Part of this is already implemented in an upcoming release, seen here: https://github.com/Automattic/Cron-Control/pull/231/commits/bbb53aeb9d83cd753f9c584b2f38c3ce91a3992c#diff-467459221a72437e5497c04a9ac91579c53ef140b9da6bb0b67c043dc1fb0490R41-R61. If an event has the same action/args/schedule, then we're just gonna deviate from core a little and prevent registration. If multiple of the same event on the same schedule is needed for some reason, then you'd just need to add some varying args when registering them.

Perhaps could take this a step further and either re-query with SRTM (send reads to master), or have a stricter unique constraint on the table (though could be tricky w/ varying event statuses).

2) Cleanup existing duplicate recurring events

There are quite a lot of sites in the wild now with duplicate recurring events, some to extreme degrees with hundreds of each. On a large MS, this means cron is going to struggle unnecessarily, and just have an overall heavy load that we can prevent.

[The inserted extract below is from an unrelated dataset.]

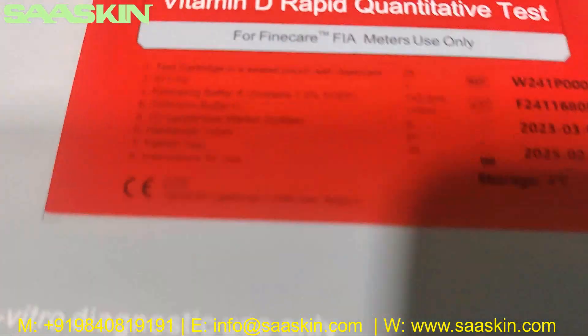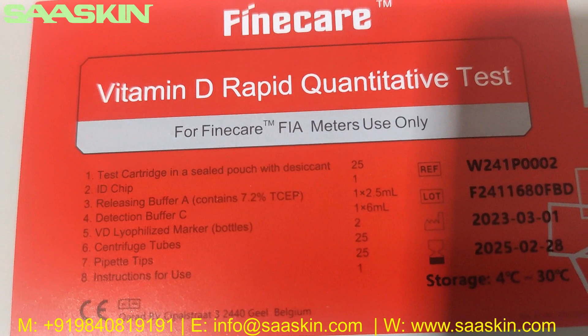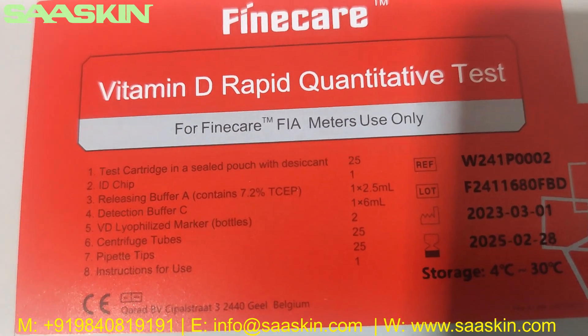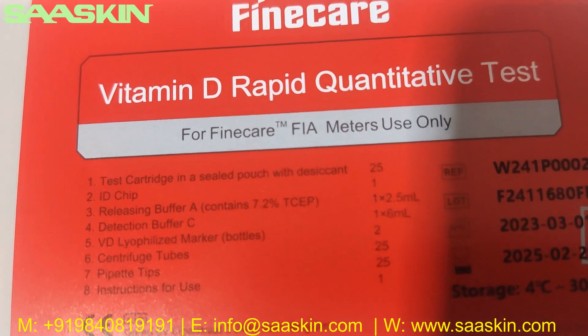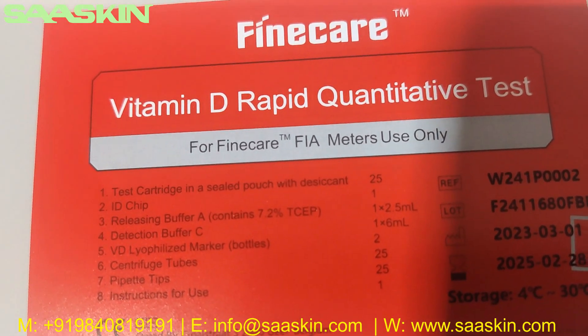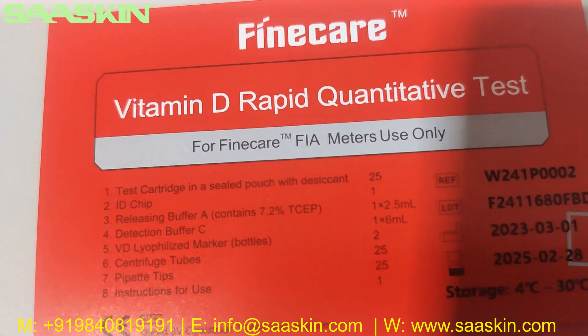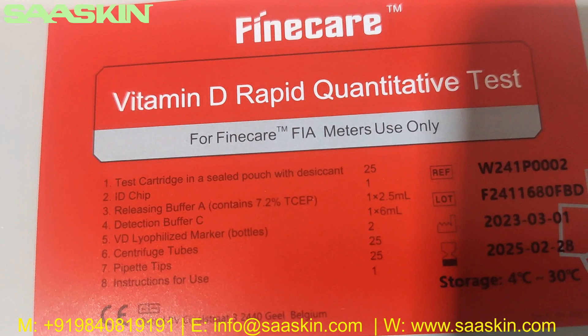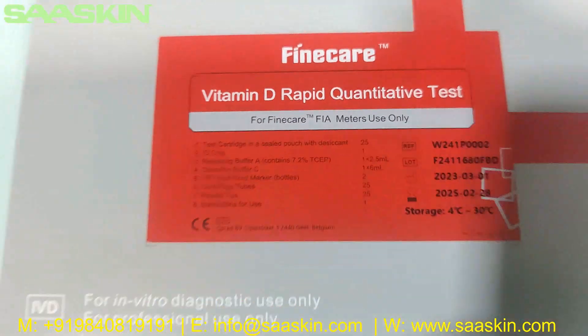This is the CE IVD certified product. If you look at the standard inside, the pack contains 25 test cartridges, and you get a buffer, reduction buffer, and then you get a marker and the cartridge tubes, and also the paper tips and the instructions for use.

So w/ the new contract in place where we prevent duplicate recurring events, we can then go through and cleanup any existing duplicates, as well as ones that may continue to slip through the cracks due to other race conditions. I'm thinking the daily a8c_cron_control_clean_legacy_data internal job would be great for this.

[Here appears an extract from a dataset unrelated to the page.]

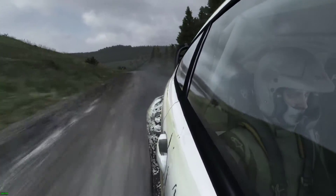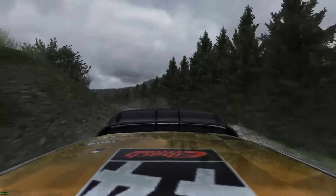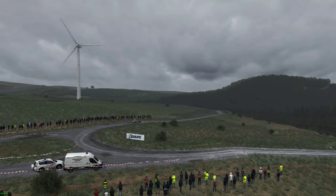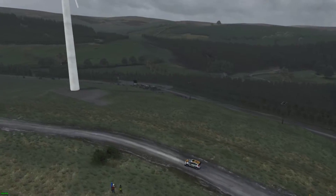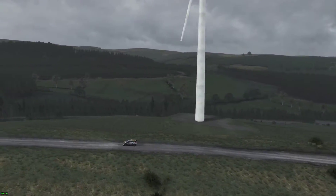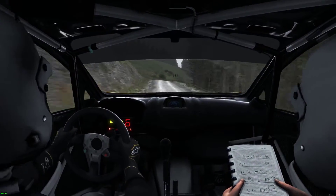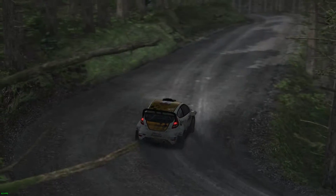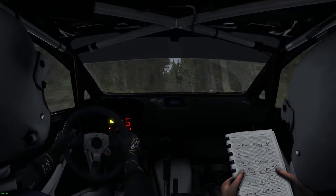Let's go. Right 6, keep in, 80, left 5, long, keep in, 80, left 5, long, keep in, 130, over jump maybe. Left 6, jump, 60, right 6, keep in, crest, 80, right 5, over crest, 100. Portion crest and down, immediate open, head pin right.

3) Handle DB unique constraint errors.

Mentioned in https://github.com/Automattic/Cron-Control/issues/147, we do need to handle the cases where events run into the unique constraint. Notably, a rare but possible situation is a single event sharing the same action as a recurring event, if the timestamps collide we need to make sure to handle it gracefully.

We'll need to document this "core deviance" in the readme.

WPprodigy commented 2 years ago

Cleaning up duplicate recurring events now on the daily cronjob, so that's good.

Next steps I'm thinking:

1) When we determine an event doesn't exist yet (performantly), do another query that locks the table while it does an additional check and then inserts it's event. This way if there are two truly parallel requests, only one will win and get the write: https://dev.mysql.com/doc/refman/8.0/en/innodb-locking-reads.html

2) The unique constraint needs to drop the status column, as I'm planning to move events to a running status and then back to pending if they are recurring (and we wouldnt want an event being added in between those). It's possible the unique constraint won't be needed anymore if we truly lock down the potential for duplicates (which would simplify moving events to other statuses like complete/failed/cancelled so we don't have to worry about the unique constraint), but if it is needed still then the index should be swapped to action/instance/timestamp in that order so more queries can take advantage of the index.